Supplied material:
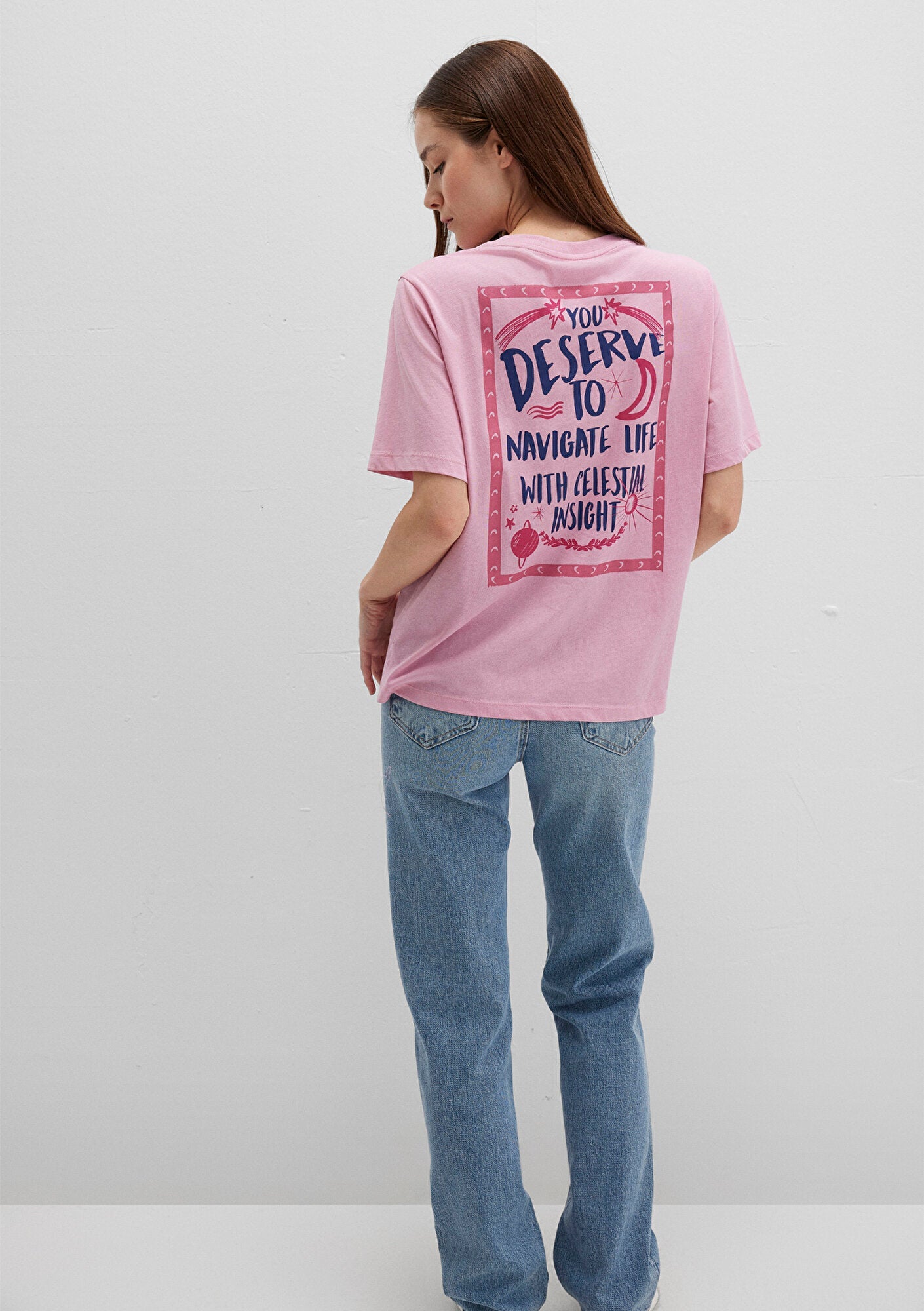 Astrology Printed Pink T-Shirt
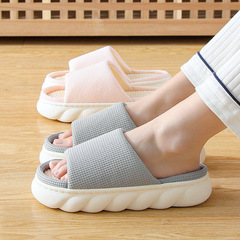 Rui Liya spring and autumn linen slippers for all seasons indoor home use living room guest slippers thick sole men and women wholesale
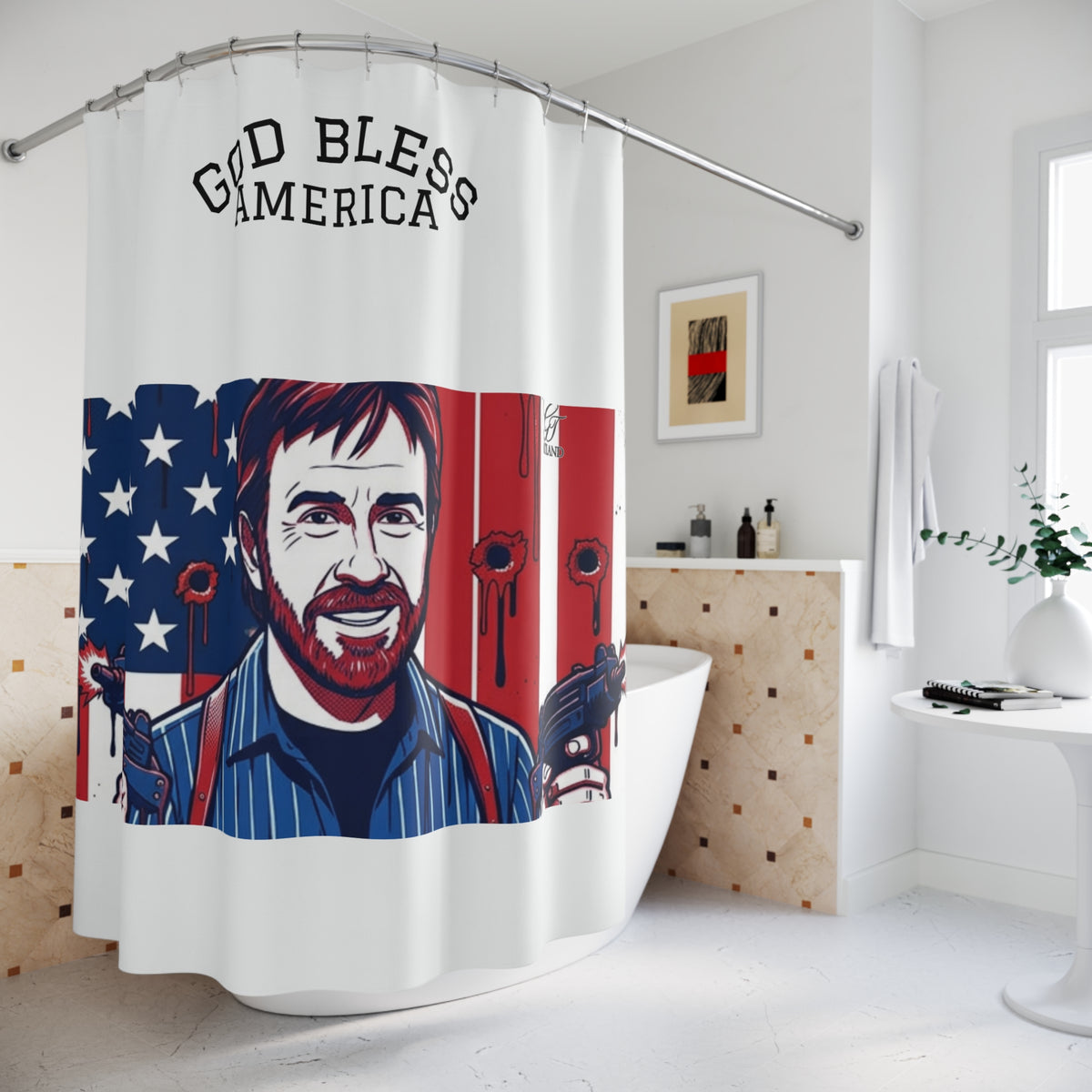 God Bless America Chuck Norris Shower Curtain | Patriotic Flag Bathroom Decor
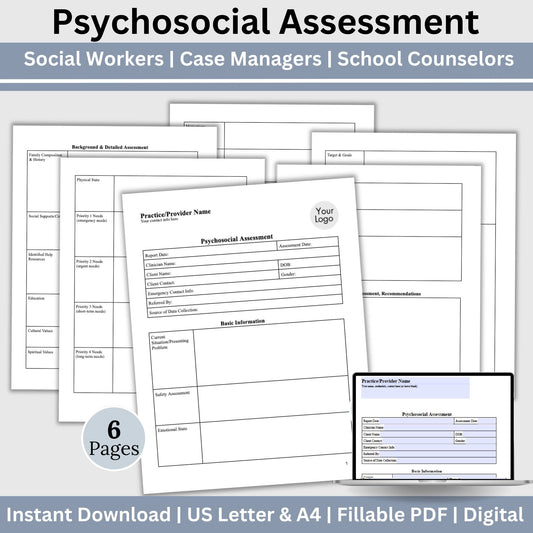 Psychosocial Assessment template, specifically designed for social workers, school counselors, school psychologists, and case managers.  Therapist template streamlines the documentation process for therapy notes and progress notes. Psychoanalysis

Exercise details: Starting with the line that holds "Rui Liya spring", repeat exactly every line through the end of the material above, both ends included, without the pictures.

Written response:
 Rui Liya spring and autumn linen slippers for all seasons indoor home use living room guest slippers thick sole men and women wholesale
 God Bless America Chuck Norris Shower Curtain | Patriotic Flag Bathroom Decor
 Psychosocial Assessment template, specifically designed for social workers, school counselors, school psychologists, and case managers.  Therapist template streamlines the documentation process for therapy notes and progress notes. Psychoanalysis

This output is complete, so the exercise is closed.